Smaller class sizes are essential to effectively develop anti-racist, anti-oppression pedagogy

By Doniella Maher, AFT 1493 Cañada Chapter Co-Chair

In September, the newly formed AFT Anti-Oppression Committee determined to focus on the relationship between class size and equity and how large class sizes particularly impact our most marginalized students.  Our first campaign was to develop a resolution to support and build a meaningful district-wide conversation about equity and a process to reduce large class size limits that inhibit student-centered teaching. As part of this campaign, we have engaged in many important discussions across the campuses.

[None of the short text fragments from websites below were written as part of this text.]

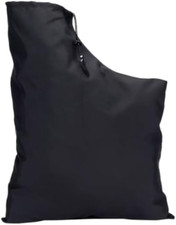 EIHI Sacco per aspiratore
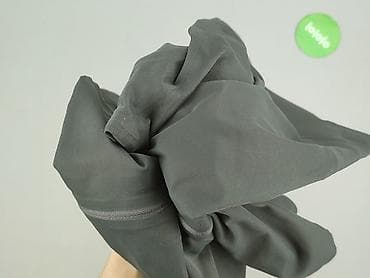 garnitury: Szorty dla mężczyzn, rozmiar XL — 4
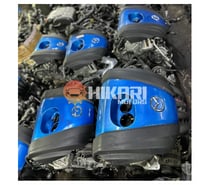 Fotos de Venta de motores usados Premium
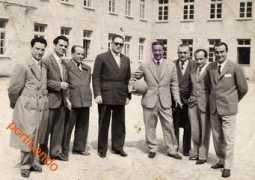 Carbutti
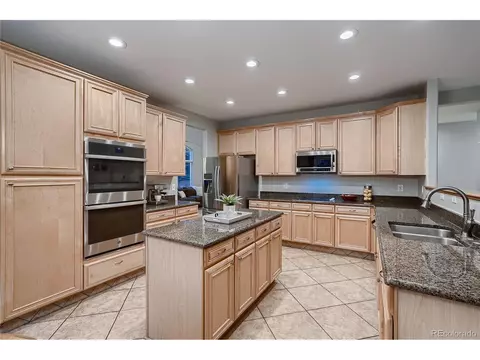 15497 E Crestline Pl, Centennial, CO 80015 photo 10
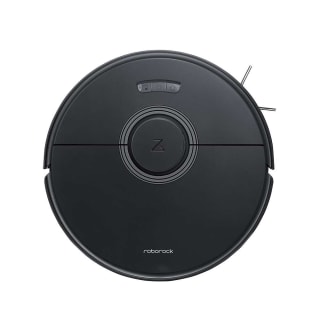 Robot aspirador Roborock Q7 Max por 294€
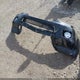 5FNYF48589B008399 2009 Honda Pilot Ex-L auction photo thumbnail 12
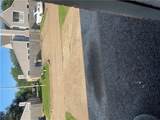 2524 Hickory Drive - Photo 17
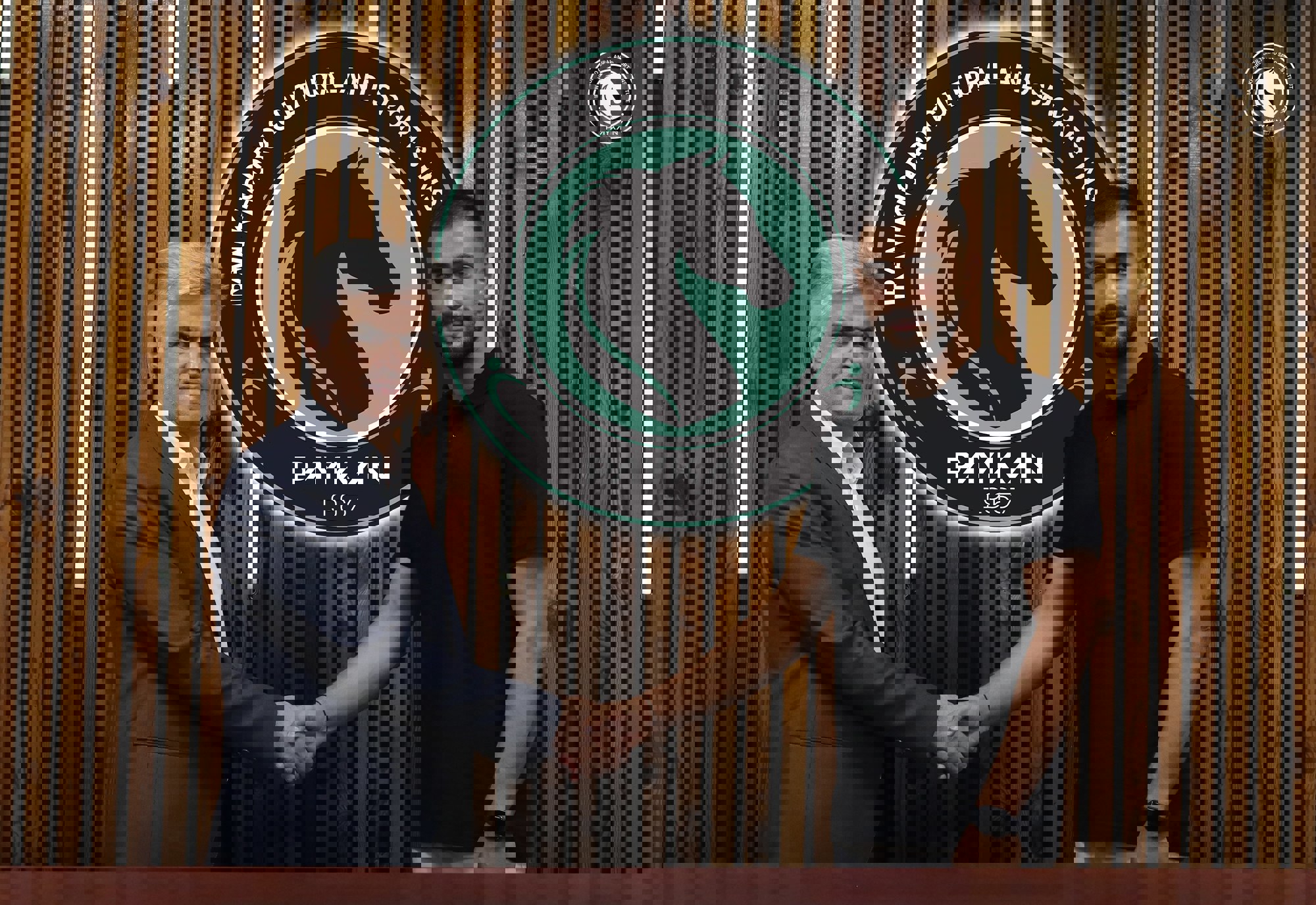 2212308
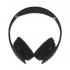 Yamaha HPH-PRO 400 Black Наушники инструкция, поддержка, форум, описание, мануал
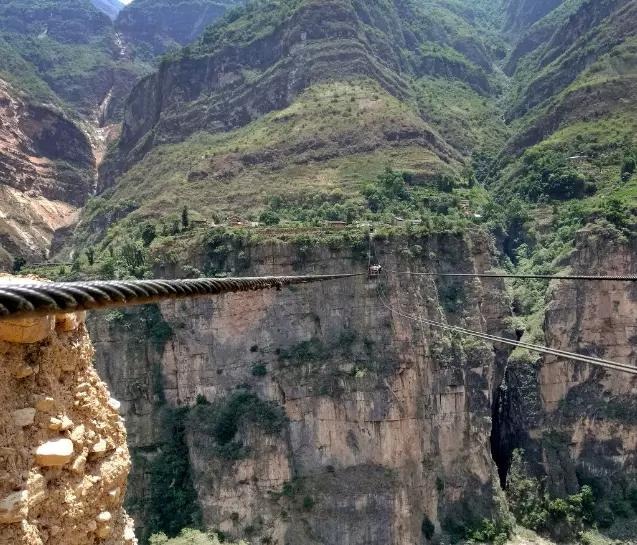 专题-布拖县-会东网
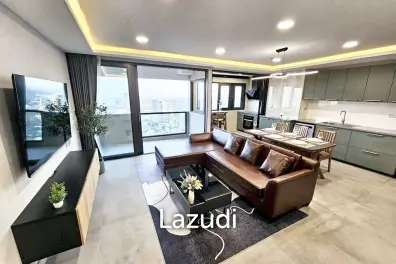 3 Bed 3 Bath 146 SQ.M The Waterford Diamond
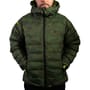 RidgeMonkey APEarel Dropback K2XP Waterproof Fishing Coat Camo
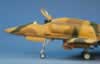 Hasegawa 1/48 scale A-4F Super Fox Aggressor by Dave Aungst: Image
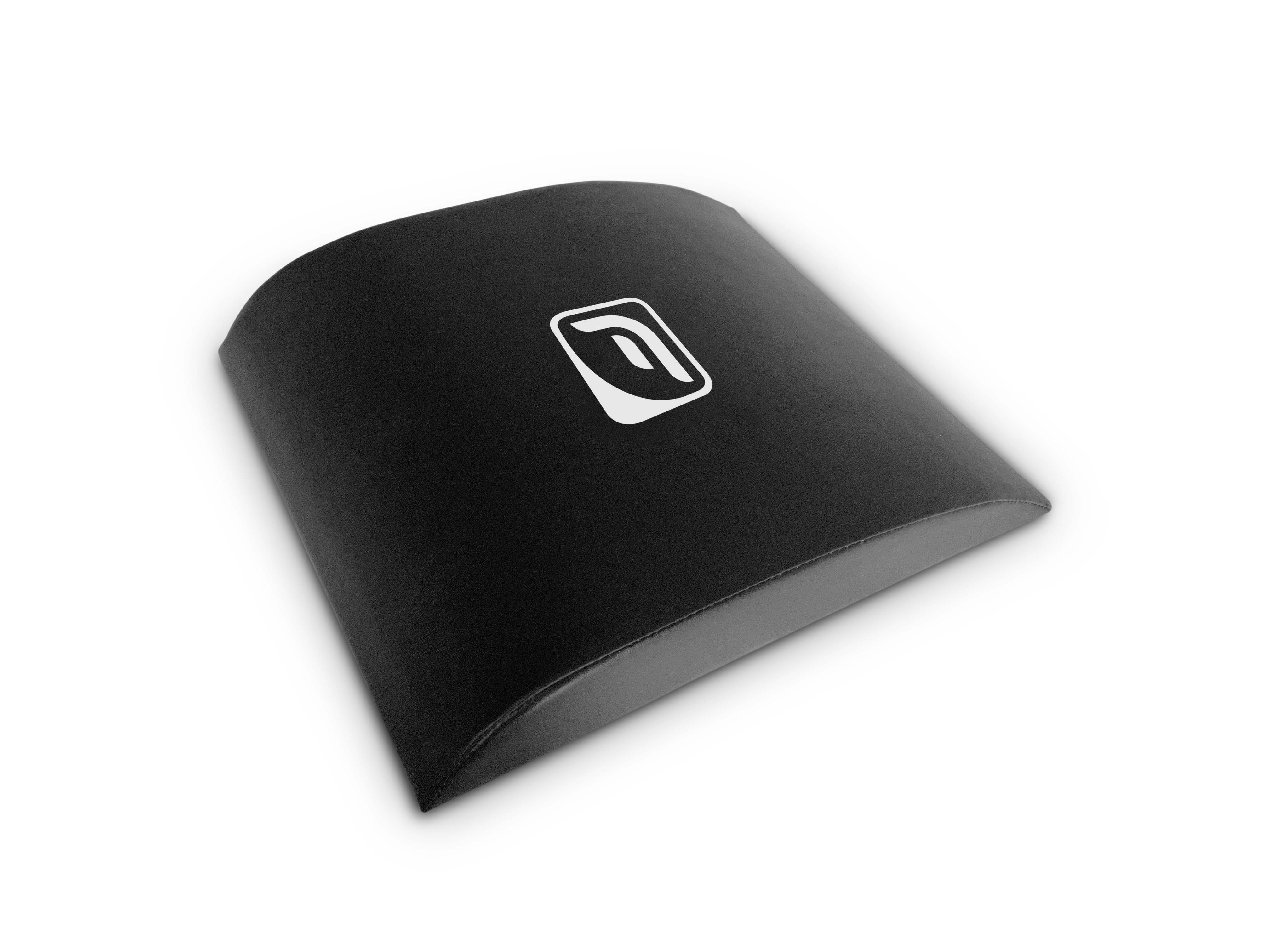 Ab Mat 37x30x7,2cm schwarz Bauchtrainer Zubehör & Ersatzteile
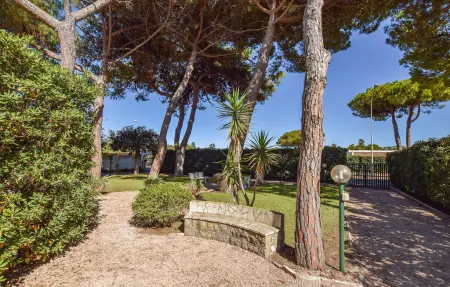 Villa Arduino, Maison 8 personnes à Orbetello (GR) - Photo 7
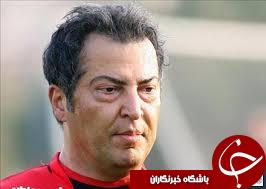 راه آهن با فوتبال پاک، ما را به قهرمانی نزدیک می کند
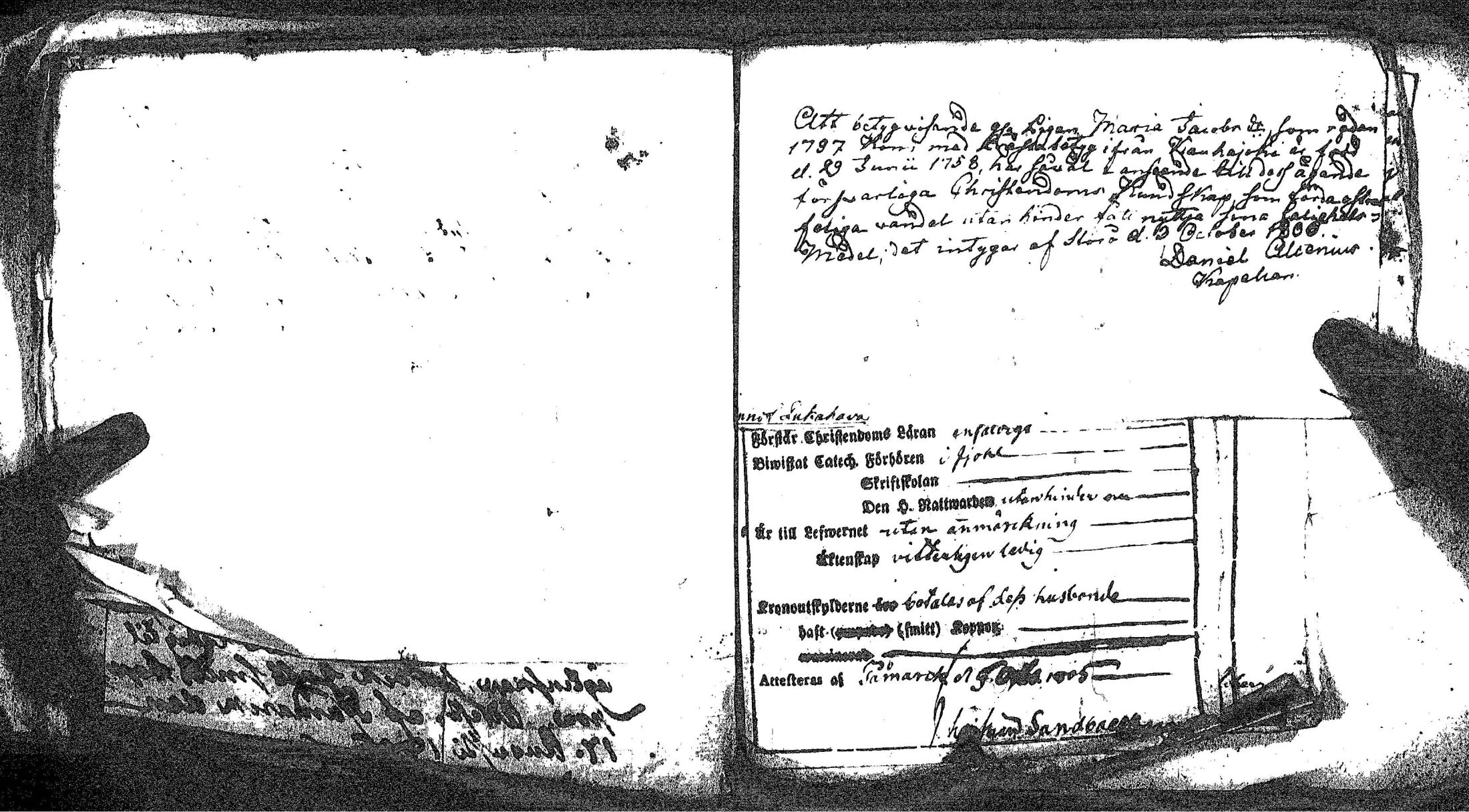 [ ../kirjat/Kirkonkirjat/kankaanpaa/muuttokirjoja_1802-1805_jk517/kuvat/101.jpg ]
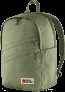 Fjallraven Vardag 28 Laptop Rugzak 15 inch Green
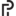 asl-books.com favicon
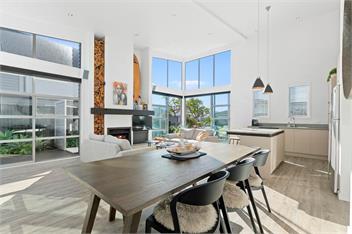 Beachy on Bream (Bachcare) - Ruakaka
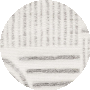 Ivory / Grey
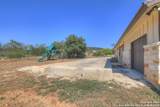 1802 Mountain Valley - Photo 31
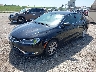 1C3CCCAB2GN****** Used and Repairable 2016 Chrysler 200 in Lincoln
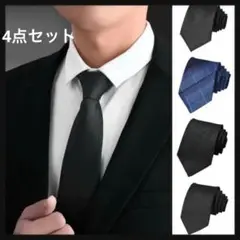 Item thumbnail for item 1cf0629c-0781-409f-8cb5-0b7c7c219b5d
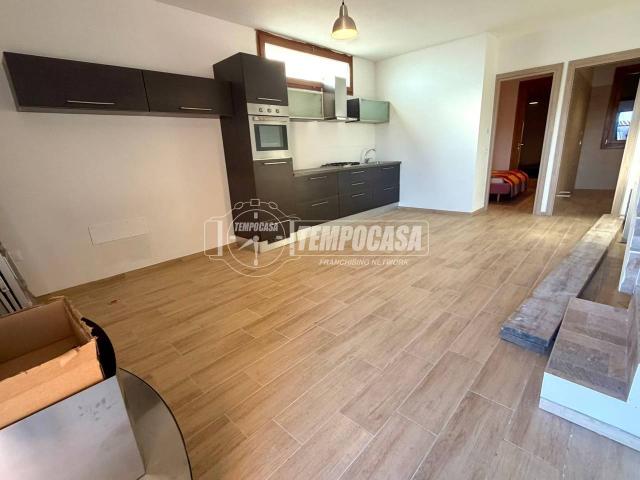 Villa Schiera in vendita a Sant'Anna, Chioggia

Equity committees at all three schools have discussed the resolution, raising thought-provoking ideas and questions.  The Executive Committee of AFT and the District Academic Senate have also contributed to and voted to support the resolution.  To bring our ideas to the Board of Trustees, two members, Doniella Maher and Rika Yonemura-Fabian, presented a rationale and explanation of the resolution in conjunction with students presenting student survey results and personal stories at the November 18th Board Meeting.

Resolution on class size reduction and student-centered teaching presented to SMCCD Board

The following is from our presentation to the Trustees:

We are here today to represent the AFT Anti-Oppression Committee. The committee was initially formed at the AFT-organized teach-in held in September, “Social Justice Unionism in Practice: From Part-Time Pay Parity to Anti-Oppression Organizing.” As a team of rank-and-file members, students, and AFT officers, we collaborate on activities that social justice unionism requires, going beyond the standard wage and benefits issues. The committee is charged with building solidarity through active education and conversation on, and actions against, anti-blackness, misogyny, ableism, cis- and heteronormativity, and other systems of oppression that our faculty and students face. At one of our first meetings, the Anti-Oppression committee determined that connecting student equity goals with class size was something that we all had passion to pursue.

As the delegates of the anti-oppression committee, we are here today to present the resolution on small class size as an important social justice measure the District can implement that would have a significant social justice impact on our students.  

We don’t have to start at the beginning. Over the last 10 years, faculty across disciplines within the SMCCD have developed and led professional development activities identifying the beneficial effects of student-centered pedagogical practices and the need to implement them even more broadly into our teaching.  These include, but are not limited to, the development of cohort learning communities such as Umoja and Writing in the End Zone at CSM and Puente at Cañada, training faculty to develop student-centered practices through professional development like the “Transforming STEM Teaching Faculty Learning Program”, and connecting faculty, tutors, peer mentors, and counselors to approach teaching holistically. These are incredible programs, and we should build off them to develop coherent anti-racist pedagogy for our students. 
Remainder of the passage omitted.